By Salvador Gutierrez Peraza, Ethnic Studies
Teaching Effectiveness Award Essay, 2023
As a Graduate Student Instructor (GSI) in the Department of Ethnic Studies part and parcel of my pedagogical training is the teaching of courses on the Ethno-Racial experience of U.S. minoritarian subjects and cultures. Our discipline entails “the critical and interdisciplinary study of race, ethnicity, and indigeneity” within systemic racial capitalism in a settler colonial nation-state. Therefore, our courses engage with extremely traumatic, triggering contemporary and/or historical events or themes, for example, the mass incarceration of African Americans or Latinos within our present-day socio-historical milieu.
In the course Chicano History, for example, we learned about the historical antecedents of mass incarceration through a historical examination of the brutal policing of Tejanos (Mexican/Mexican Americans from Texas), in which state sanctioned public executions (lynching) took place all over Texas as a disciplinarian racial tool. How does one teach such traumatic histories to students who might be able to trace their own histories to said traumatic events? Furthermore, how does one teach Critical Ethnic Studies to those who have been and continued to be deeply affected by the logics of violence within our structural racial capitalist order of things? Finally, how does an instructor balance the divide between said ethno-racial violence teachings and a college-level education within the setting of the neoliberal university?

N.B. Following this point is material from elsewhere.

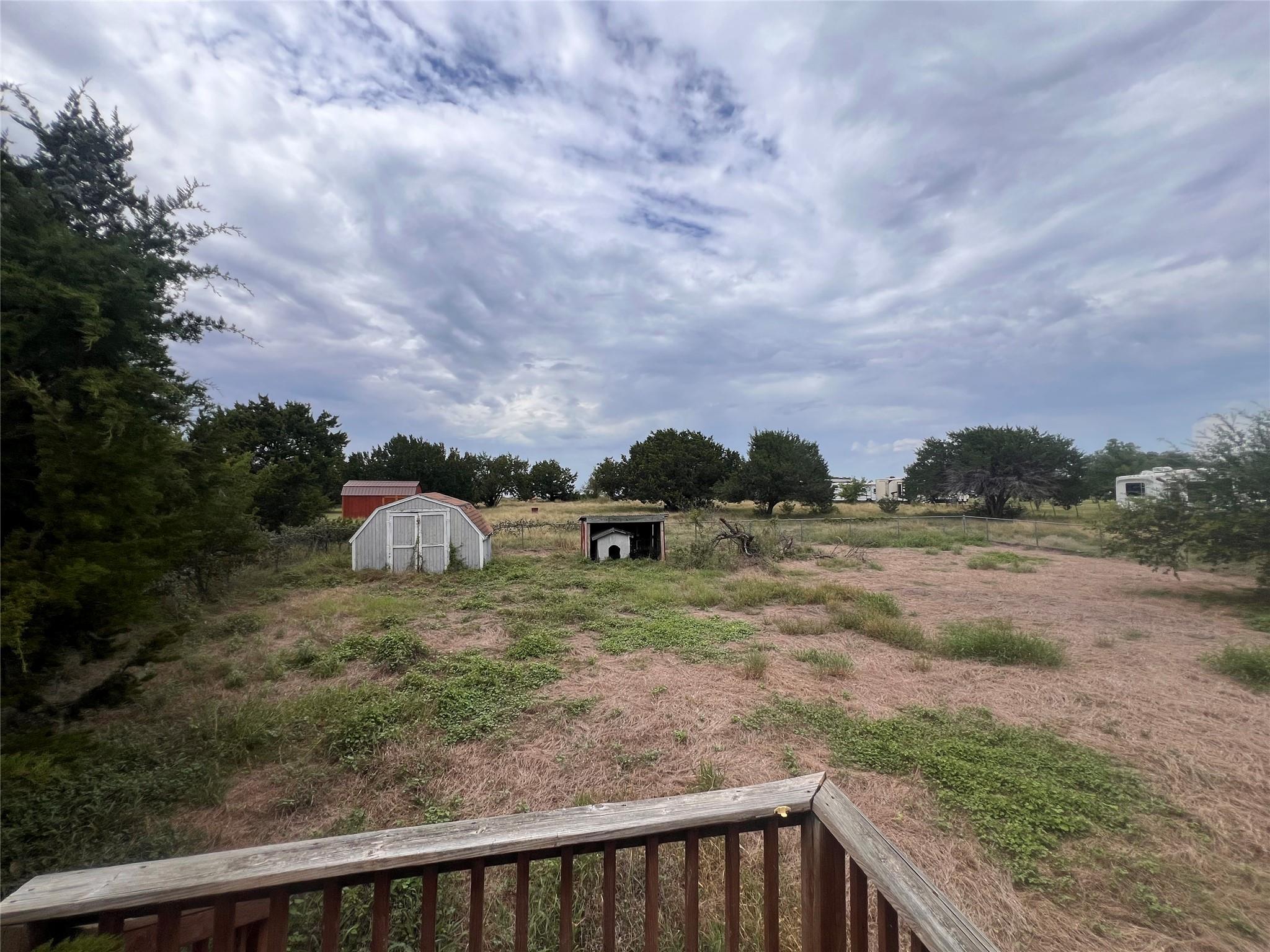 30068 Live Oak Trl Property Photo 4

I do understand the mechanics of the Teaching Effectiveness Award prompt—besides stating the problem—yet there is no cookie-cutter solution to such an enormity. I have approached it, however, by stating the painful (and always triggering) nature of our subject matter as a required component of our shared academic journey—after all, students need to pass this class in order to graduate, academic pragmatism, perhaps… But how can one quantify the success of any approach when one is dealing with systemic violence and ever-present trauma?